極微量環境汚染元素の土壌中化学形と易動性に関する研究-クロマトグラフィ分離とICP-質量分析装置の結合-
Project/Area Number |
08750668
|
Research Category |
Grant-in-Aid for Encouragement of Young Scientists (A)
|
Allocation Type | Single-year Grants |
Research Field |
Civil and environmental engineering
|
Research Institution | Kyoto University |
Principal Investigator |
藤川 陽子 京都大学, 原子炉実験所, 助手 (90178145)
|
Project Period (FY) |
1996
|
Project Status |
Completed (Fiscal Year 1996)
|
Budget Amount *help |
¥1,200,000 (Direct Cost: ¥1,200,000)
Fiscal Year 1996: ¥1,200,000 (Direct Cost: ¥1,200,000)
|
Keywords | ICP-質量分析装置 / 微量元素分析 / 化学的存在形態 / 水銀 |
Research Abstract |
かつてメチル水銀による大規模な中毒事件が発生した熊本県水俣湾の水銀の一部は、隣接する八代海に拡散したと言われている。

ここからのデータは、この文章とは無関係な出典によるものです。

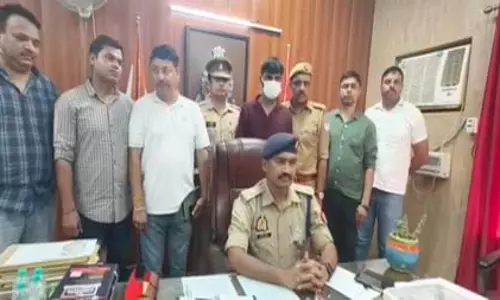 अवैध हथियारों की तस्करी करने वाला गैंग का सदस्य गिरफ्तार अवैध हथियारों की तस्करी करने वाला गैंग का सदस्य गिरफ्तार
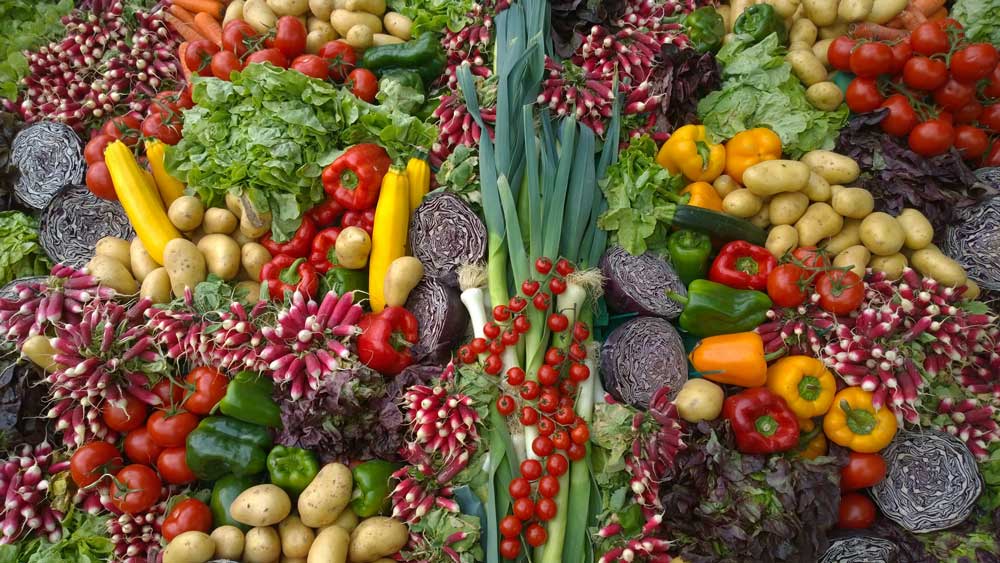 33fuel cancer causes we can control - vegetables fight cancer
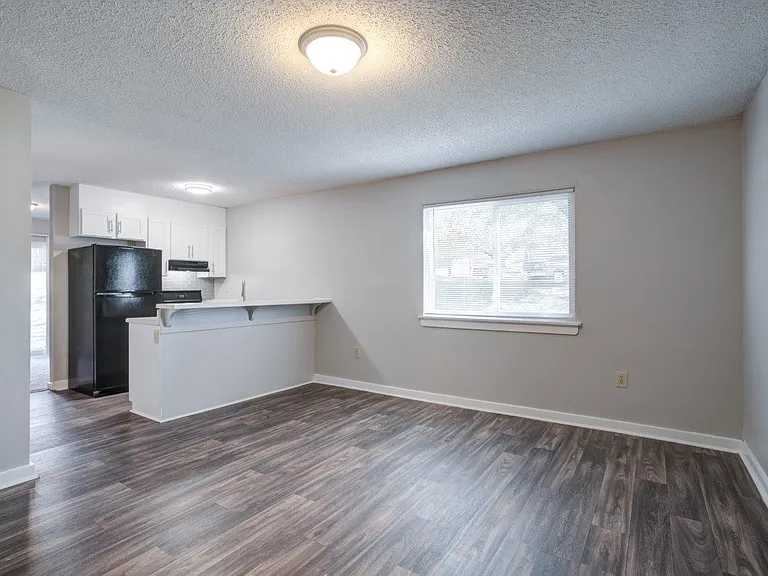 1022 West Apartment Homes — Photo 3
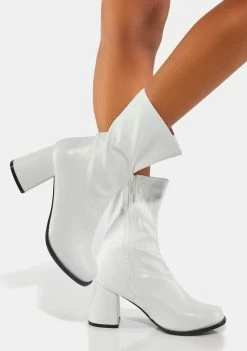 Ellie Shoes White Short Gogo Boots Boots & Booties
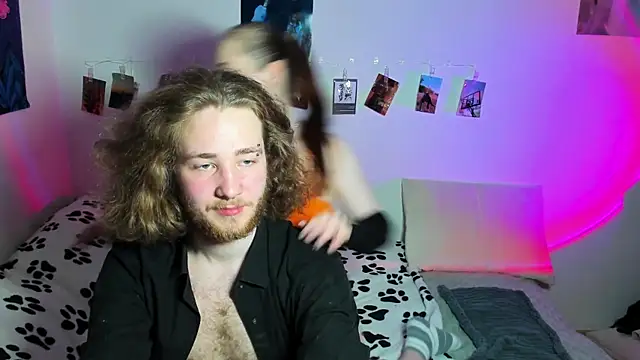 swiity room  online show from January 10, 3:38 pm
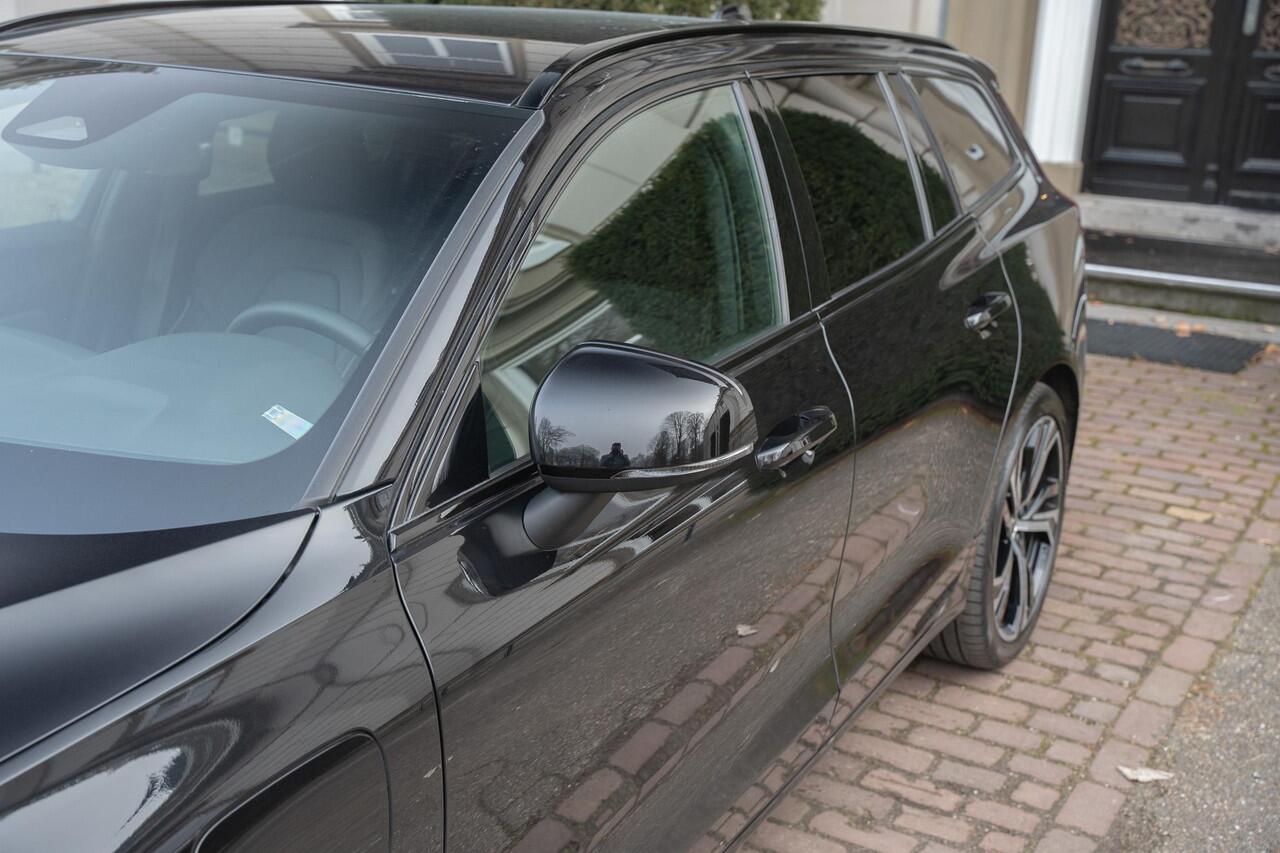 Volvo V60 2.0 T8 Plug-in hybrid AWD Plus Dark TREKHAAK | ADAPTIVE | H&K | MEMORY | CAMERA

本研究では、八代海の底質中の微量(70ppb)および汚染に由来する水銀(5ppm)をICP-質量分析装置(以下、ICP-MSと略称)により測定し、水銀の易動性を検討した。 [測定技術]水銀のICP-MSによる測定は、標準的な運転条件下では、接液部に水銀の著しい吸着を生じ(メモリ効果)、数百%以上の測定誤差を生じた。装置条件を検討の結果、接液部をテフロンチューブおよびガラスとし、試料液に金を添加することで、メモリ効果を最小限に抑制できた。試料に還元剤を添加して水銀蒸気を発生させICP-MSに導入する方法についても検討の結果、有機溶媒の試料液への添加によりメモリ効果を抑制できた。クロマトグラフィとICP-MSとの直接結合は、装置の運転条件を調整の結果、可能になった。しかし、メチル水銀分離のためのクロマトグラフィ溶離液のICP-MS導入は、同装置の運転に問題を生じたため、導入装置を改良中である。[測定結果]上述の測定手法により、3種の土壌標準試料中の水銀について100±3%の良好な回収率を得た。そこで八代海の約21の定点から1990、1993、1994、1995、1996年に採取した堆積物約100試料の水銀濃度を測定した。その結果、過去7年間の水俣-八代海域では、過去に濃度の高い水銀汚泥を蓄積していた水俣湾外側の底質が周辺海域に再分配されることによる、水銀の拡散が生じていることが判明した。水銀の易動性は、鉛・希土類等の元素と比べると大きかった。水銀の輸送機構としては、水銀を吸着した粒子状懸濁物質の移動が考えられた。さらに、メチル水銀の測定から、堆積物中水銀の化学形態変換と、それに伴う水銀の脱離特性変化が水銀の拡散に影響する可能性も考えられ、今後さらに検討する。
|
Report
(1 results)
Research Products
(5 results)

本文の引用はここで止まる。